La société fait enfin observer qu’il n’est en rien mensonger ou déloyal d’affirmer que l’activité de trading est aisément accessible, puisque toute personne peut s’y livrer, et que ses messages ne consistent pas à insinuer qu’il serait aisé de réaliser des gains dans le cadre de cette activité.

3.Les motifs de la décision du Jury

 Le Jury rappelle qu’aux termes du point 2-1-2 de la fiche de doctrine « Publicité des produits financiers » de l’ARPP :

« 2-1-2 Clarté, loyauté et véracité de la publicité (…)

  1. b) Équilibre de la publicité – « Le contenu de la publicité et des promesses annoncées doit être véridique et répondre au principe de loyauté.

 En ce sens, l’ensemble de la publicité doit être équilibré entre, d’une part, la présentation des performances (gains, rendements y compris sous forme visuelle ou graphique) du produit ou service et, d’autre part, les risques inhérents à la souscription de ce dernier.

 Cet équilibre de la publicité, recommandé par divers régulateurs européens, implique la présence, dans toute publicité, quel que soit le support de diffusion utilisé, d’une information claire, intelligible et parfaitement lisible et/ou audible sur les risques propres à l’activité ou au(x) produit(s) visé(s).

 Lorsque la présentation de ces risques se traduit à l’écrit par une mention, celle-ci devra se distinguer, par tous moyens, des autres informations (et, notamment, ne pas être accolée aux autres mentions) sauf impossibilité technique liée au format et, à l’oral, un énoncé audible devra se distinguer clairement de toutes autres informations.

 Dans tous les cas, la publicité ne peut laisser penser que le consommateur ne prend aucun risque et/ou que son risque est limité. ».

Ainsi que le Jury l’a précisé dans ses décisions du 28 mars 2012 (n° 185/12), du 28 mars 2012 (n° 187/12) et du 21 juin 2012 (n° 199/12), les bannières constituent une forme de publicité appelant par un message accrocheur à se rendre sur le site de l’annonceur, dont la taille réduite ne permet pas d’y mentionner un grand nombre d’informations. Dans la mesure où ces bannières comportent un message d’offre attractive, la règle d’équilibre résultant du point 2-1-2 de la fiche de doctrine précitée doit s’appliquer dès ce stade.
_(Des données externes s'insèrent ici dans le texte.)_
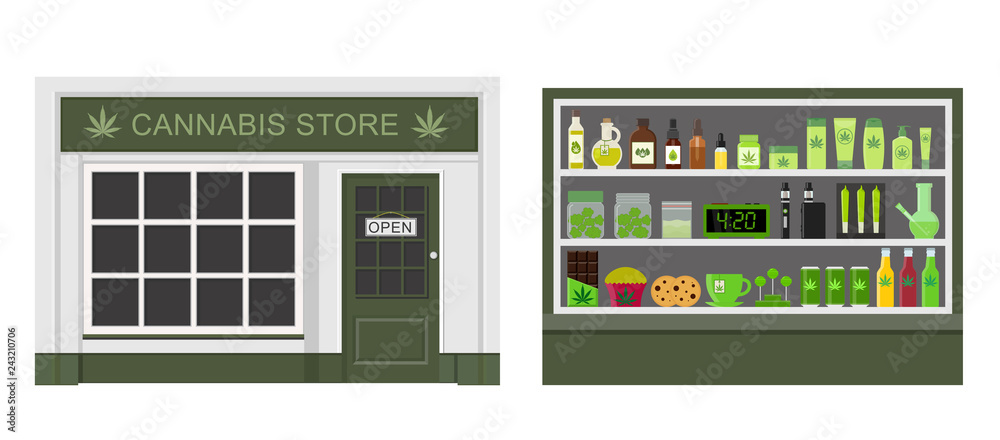 Cannabis store. Marijuana equipment and accessories for smoking, storing medical cannabis. Marijuana products. Marijuana Legalization. Isolated vector illustration.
L’annonceur doit donc veiller à ce que, sur ces messages, figure au moins une mention lisible afférente aux risques que présentent les investissements en cause, dont la taille et la précision doivent être proportionnées à l’ampleur et à la probabilité de la promesse de gain éventuellement affichée par la publicité.

En l’espèce, le Jury relève tout d’abord que les publicités litigieuses figurent sur un site spécialisé dans le « trading » de produits financiers, qui comporte des informations et conseils sur cette activité, et s’adressent donc essentiellement à des personnes relativement avisées.
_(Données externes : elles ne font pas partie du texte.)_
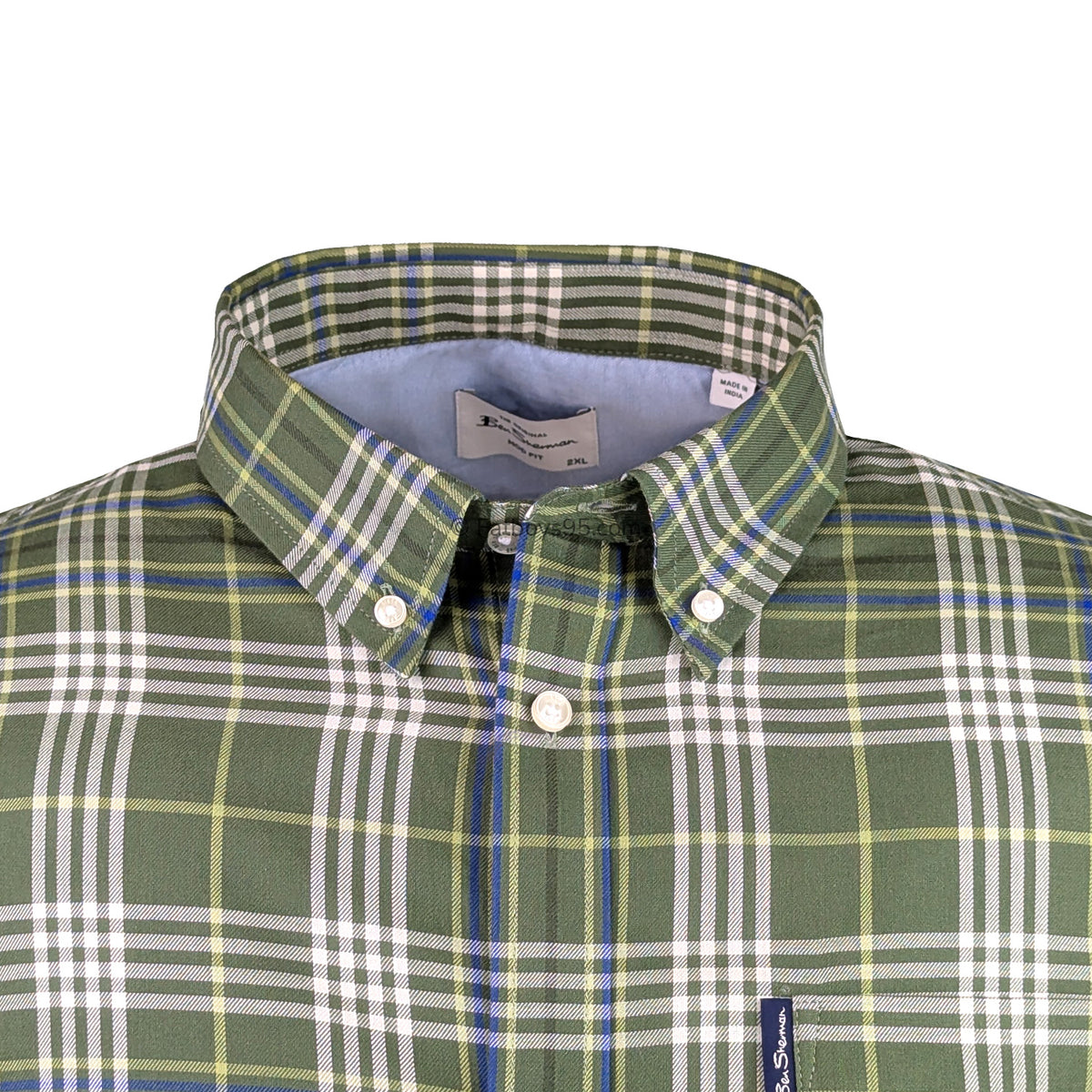 Ben Sherman Multi Check L/S Shirt - 1013099IL - Litchen Green 2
Il observe ensuite que chacune des publicités mises en cause comporte un message d’avertissement lisible faisant état, selon le cas, d’un risque « important » ou « significatif » de pertes.
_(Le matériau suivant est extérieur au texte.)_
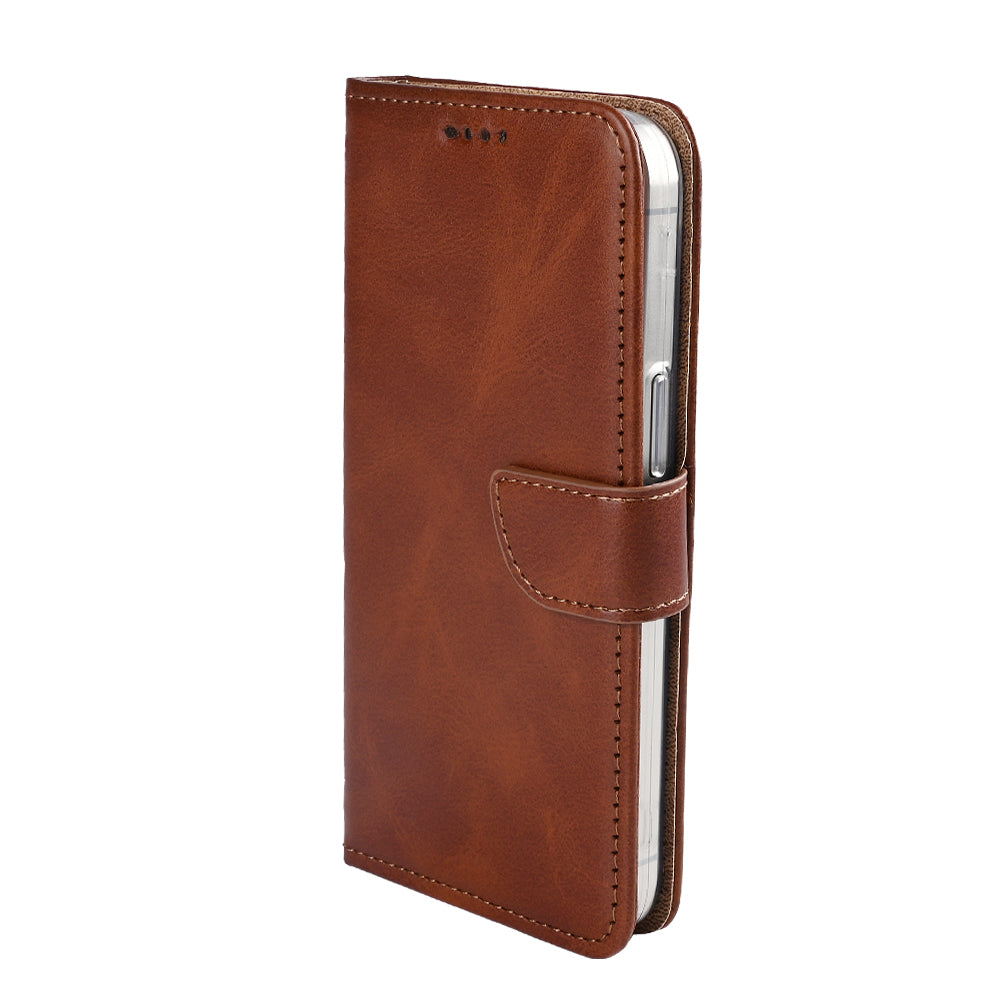 Rixus Bookcase For Apple iPhone 16e, 17e Brown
L’allégation selon laquelle il est « facile de trader l’euro », qui est en rapport avec l’objet du produit consistant à permettre aux consommateurs de disposer d’un « compte démo gratuit » afin de simuler des opérations de « trading », ne peut être regardée comme portant sur l’espérance de gain elle-même.

Eu égard à la taille de ces bannières et en l’absence de toute promesse de gain, il ne peut être reproché à ces publicités de ne pas évoquer l’éventualité, à supposer qu’elle puisse se produire compte tenu des garanties apportées aux clients de la société, que les pertes du client puissent excéder le montant de son apport initial.

Au demeurant, la page Internet de la société accessible à partir des bannières apporte cette précision.

En conséquence, le Jury considère que les publicités en cause ne contreviennent pas aux règles déontologiques rappelées ci-dessus.

4.La décision du Jury

– La plainte est rejetée ;

– La présente décision sera communiquée à l’annonceur, au plaignant et au site sur lequel la publicité a été diffusée;

– Elle sera diffusée sur le site Internet du Jury de déontologie publicitaire.

Délibéré le vendredi 7 juin 2013 par Mme Michel-Amsellem, Présidente, M Lallet, Vice-Président, Mmes Moggio et Drecq, et MM Benhaïm, Carlo, Depincé et Leers.